**Data records**
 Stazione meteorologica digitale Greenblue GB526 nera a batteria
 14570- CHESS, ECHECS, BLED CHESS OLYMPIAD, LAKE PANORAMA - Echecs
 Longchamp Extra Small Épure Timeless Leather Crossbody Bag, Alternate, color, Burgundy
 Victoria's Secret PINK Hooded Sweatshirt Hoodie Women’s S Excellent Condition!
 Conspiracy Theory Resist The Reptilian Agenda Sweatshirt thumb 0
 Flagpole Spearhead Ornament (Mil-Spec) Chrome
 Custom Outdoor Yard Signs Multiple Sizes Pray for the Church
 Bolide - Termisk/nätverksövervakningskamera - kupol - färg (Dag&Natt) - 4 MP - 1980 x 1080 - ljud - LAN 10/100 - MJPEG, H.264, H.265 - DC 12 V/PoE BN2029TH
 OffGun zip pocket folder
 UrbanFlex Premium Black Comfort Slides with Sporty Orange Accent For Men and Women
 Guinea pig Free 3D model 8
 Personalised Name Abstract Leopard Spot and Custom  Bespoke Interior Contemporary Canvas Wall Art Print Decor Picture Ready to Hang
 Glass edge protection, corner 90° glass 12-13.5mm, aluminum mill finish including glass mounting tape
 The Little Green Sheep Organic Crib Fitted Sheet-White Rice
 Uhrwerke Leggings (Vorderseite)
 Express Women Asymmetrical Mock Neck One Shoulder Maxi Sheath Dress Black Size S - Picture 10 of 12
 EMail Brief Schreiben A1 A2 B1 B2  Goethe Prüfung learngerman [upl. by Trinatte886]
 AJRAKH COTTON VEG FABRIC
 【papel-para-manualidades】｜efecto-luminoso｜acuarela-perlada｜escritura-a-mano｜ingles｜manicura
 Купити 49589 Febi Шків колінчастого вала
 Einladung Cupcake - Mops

**Work task**
Return exactly the run of lines that opens with the one containing "Guinea pig Free 3D model 8" and closes with the last line of the records above.

**Solution for this exercise**
 Guinea pig Free 3D model 8
 Personalised Name Abstract Leopard Spot and Custom  Bespoke Interior Contemporary Canvas Wall Art Print Decor Picture Ready to Hang
 Glass edge protection, corner 90° glass 12-13.5mm, aluminum mill finish including glass mounting tape
 The Little Green Sheep Organic Crib Fitted Sheet-White Rice
 Uhrwerke Leggings (Vorderseite)
 Express Women Asymmetrical Mock Neck One Shoulder Maxi Sheath Dress Black Size S - Picture 10 of 12
 EMail Brief Schreiben A1 A2 B1 B2  Goethe Prüfung learngerman [upl. by Trinatte886]
 AJRAKH COTTON VEG FABRIC
 【papel-para-manualidades】｜efecto-luminoso｜acuarela-perlada｜escritura-a-mano｜ingles｜manicura
 Купити 49589 Febi Шків колінчастого вала
 Einladung Cupcake - Mops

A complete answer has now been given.